How does D&D3E stand up to these archetypes?  Well, there are really only two of the pure archetypes that you can do: guy who fights (fighter), and guy who casts spells (wizard).  The sorcerer, psion, psychic warrior, and monk all sort of dance around the inner-strength guy archetype, and likely one of them will be appropriate for a character concept in that mold, without too much extraneous junk.  The closest you get to the wilderness guy are barbarian (comes with a bunch of personality and ability assumptions, like rage), ranger (comes with spellcasting, and a strange juxtaposition of huntsman and friend-of-nature), and druid (pretty good, but the spellcasting needs to go).  

Skill guy? Nope.  Your options are rogue (tons of inappropriate combat stuff), expert (explicitly underpowered), and bard (more hedge wizard than bard, much less jack-of-all-trades).

And then we get to faithful guy--this one is the worst match.  Your choices are paladin (holy warrior--a much narrower archetype, and this one is a very specific morality of holy warrior), druid (at a stretch--they're about equal parts priest and one-with-nature), and cleric (what's with all the militarism?).  And all of them are wizard-style (as in, like wizards in literature/folklore, not wizards as in D&D class) spellcasters.

AD&D2 was moving in the right direction, and D&D3E should've continued in that direction: all of the personality-specific classes shoulda been made prestige classes, and the core classes should've been built around just skill sets, not personalities/societal roles.  Then, it'd be relatively easy to create whatever character you wanted by multiclassing just right.  

And, lest you think i'm just spouting: yes, i *do* think i can do better.  And i'm in the middle of it.  There will be 6 classes, with abilities grouped as above.  Flexibility, for those who want to differentiate more within an archetype (a la unfettered and warmain) comes from having many of the class abilities be like talent trees or bonus feats: choose appropriately from a broad set, to customize the character.

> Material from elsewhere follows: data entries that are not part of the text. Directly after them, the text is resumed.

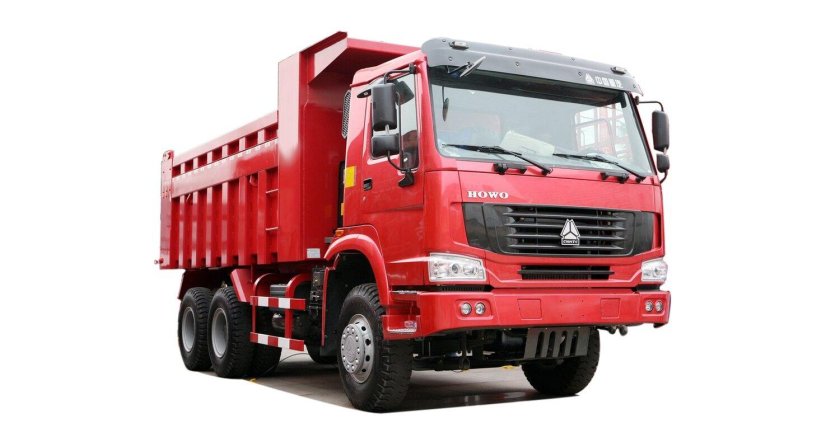 HOWO Sinotruk самосвал 6x4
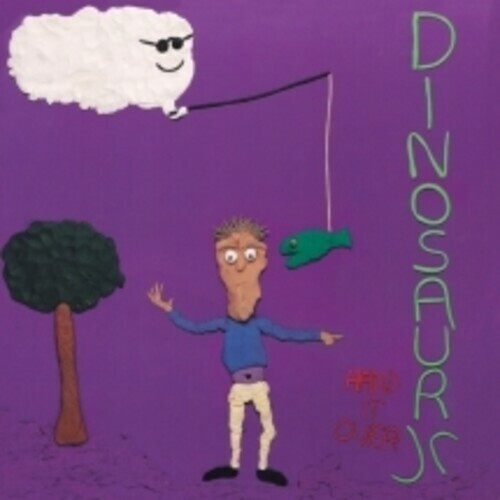Dinosaur Jr – Hand It Over [New Vinyl LP] Colored Vinyl, Gatefold LP Jacket, Pur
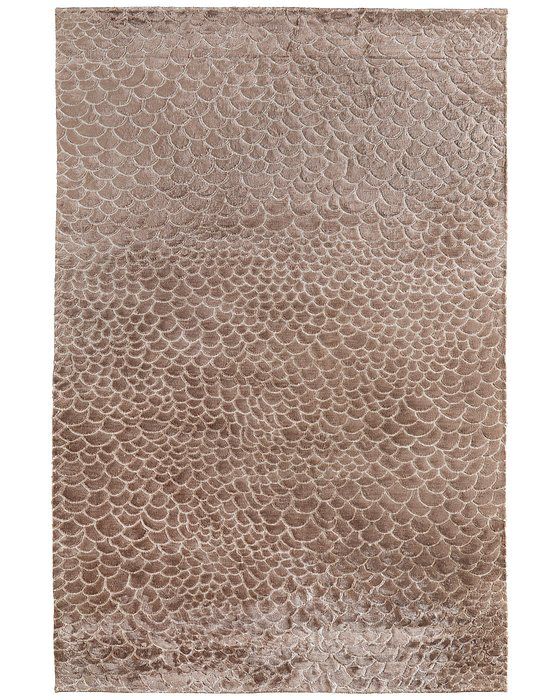 KASHGAR Collection - 7249F Light Brown/Beige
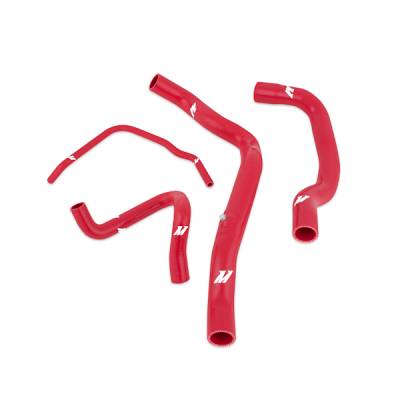 Mishimoto - Mishimoto MMHOSE-TINY-01RD Silicone Radiator Hose Kit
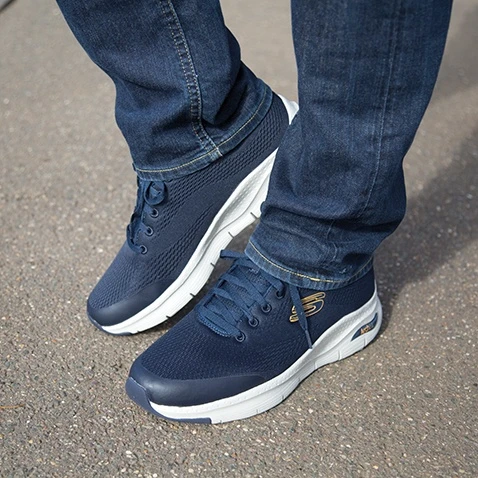 Skechers Arch Fit Mens Trainer 9 Skechers Arch Fit Mens Trainer - Image 7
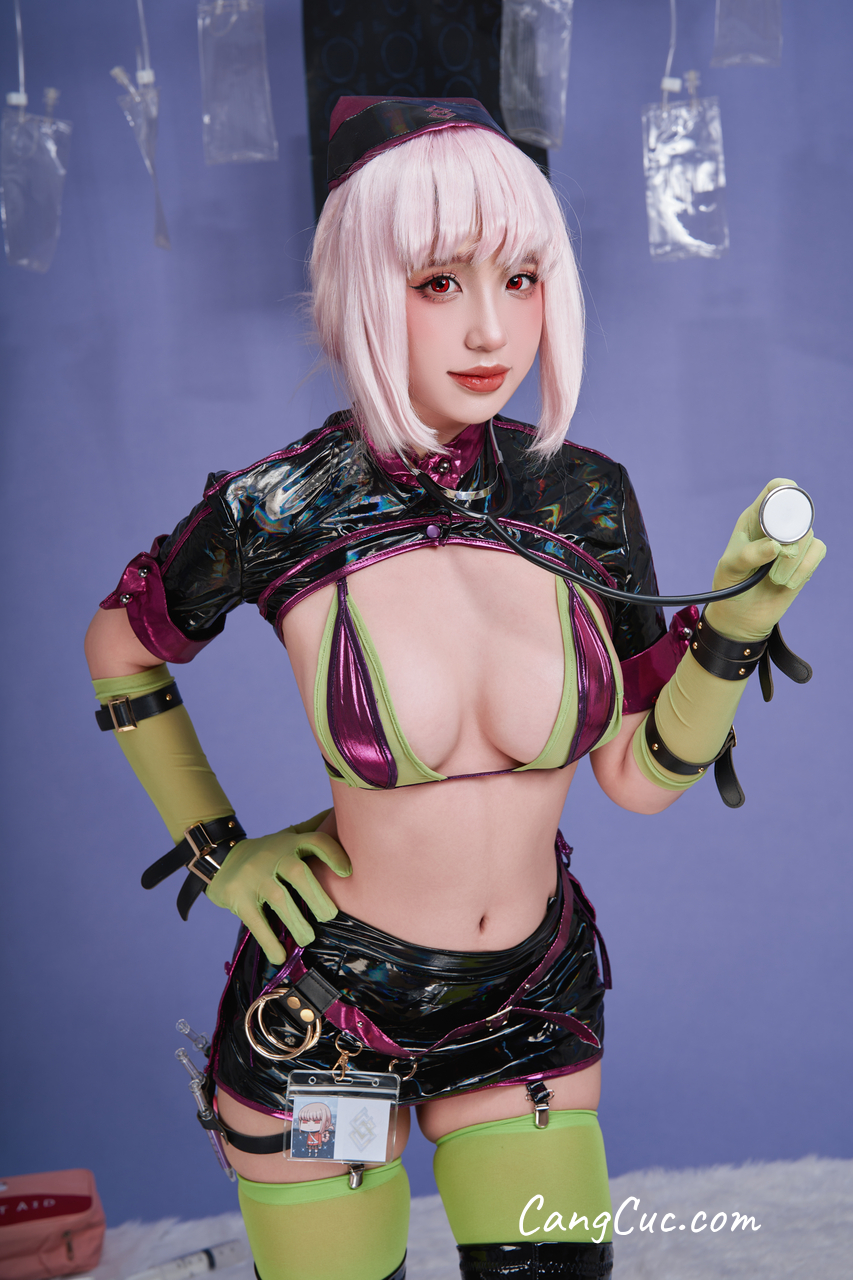 Coser@PuyPuy - FGO南丁格尔万圣礼装 Nightingale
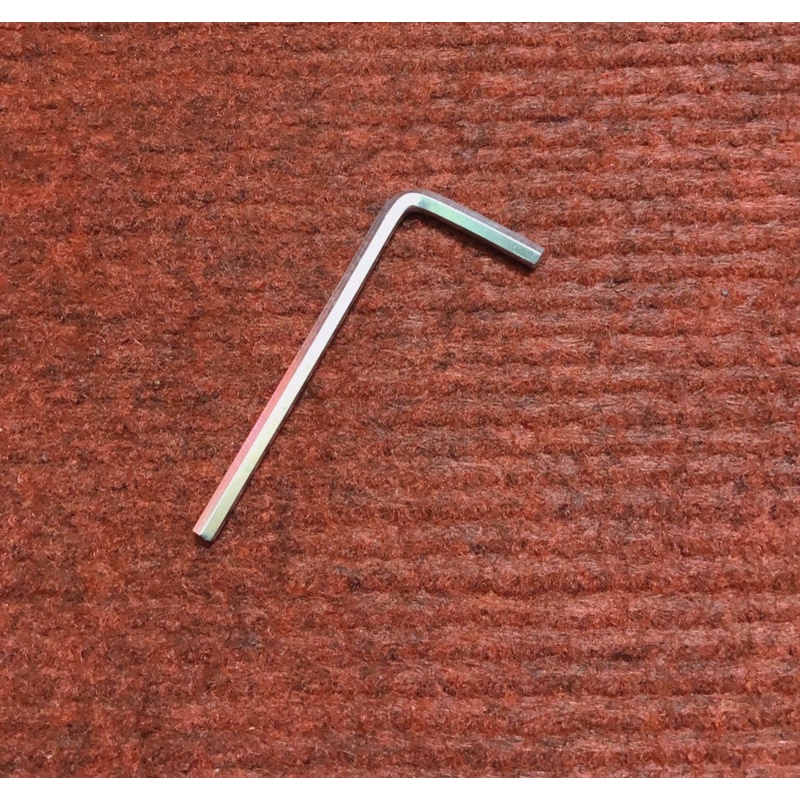 Lục giác 3mm, lục lăng tháo ốc lục giác m4 cho ná cao su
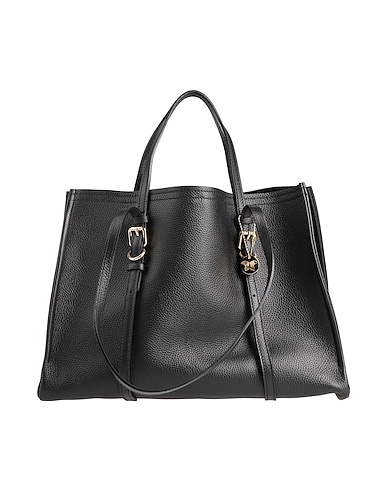 LAURA DI MAGGIO Handbag Black Leather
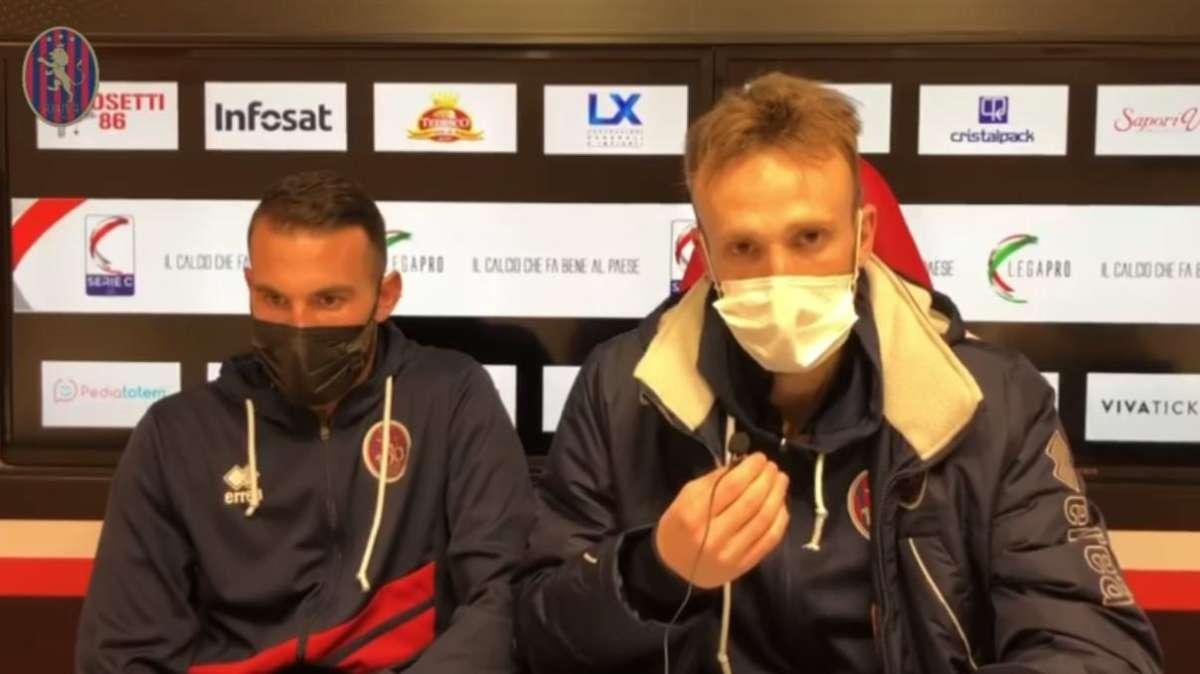 Ricci e Coppola, vittoria con dedica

Oh, and to get vaguely on-topic: i think a previous poster was right that, in many ways, the classes in AU are closer to the fantasy archetypes than those in D&D3[.5]E are.  The greenbond, with the spirit-talking abilities and healing, is much closer, IMHO, to the general shaman/nature-magician archetype than the druid is.  The akashic, while using a bunch of mystic mumbo-jumbo to get there, essentially is a jack-of-all-trades if you look just at results and game mechanics.  The Oathsworn is at least as good as the monk or psychic warrior for inner-strength archetypes, and maybe better (some of the new feats help this one out, particularly). Religion/faith is a core element of your character (through ceremonies/feats) -- or not-- rather than being just another excuse for kewl powerz.  Actually, that's not entirely true: the champion is an *excellent* interpretation of the faithful warrior, much better than the paladin, because it's much less straight-jacketed.  Finally, the totem warrior, along with the greenbond, is a *very* cool class, very much along the lines of the one-with-nature or noble savage archetypes.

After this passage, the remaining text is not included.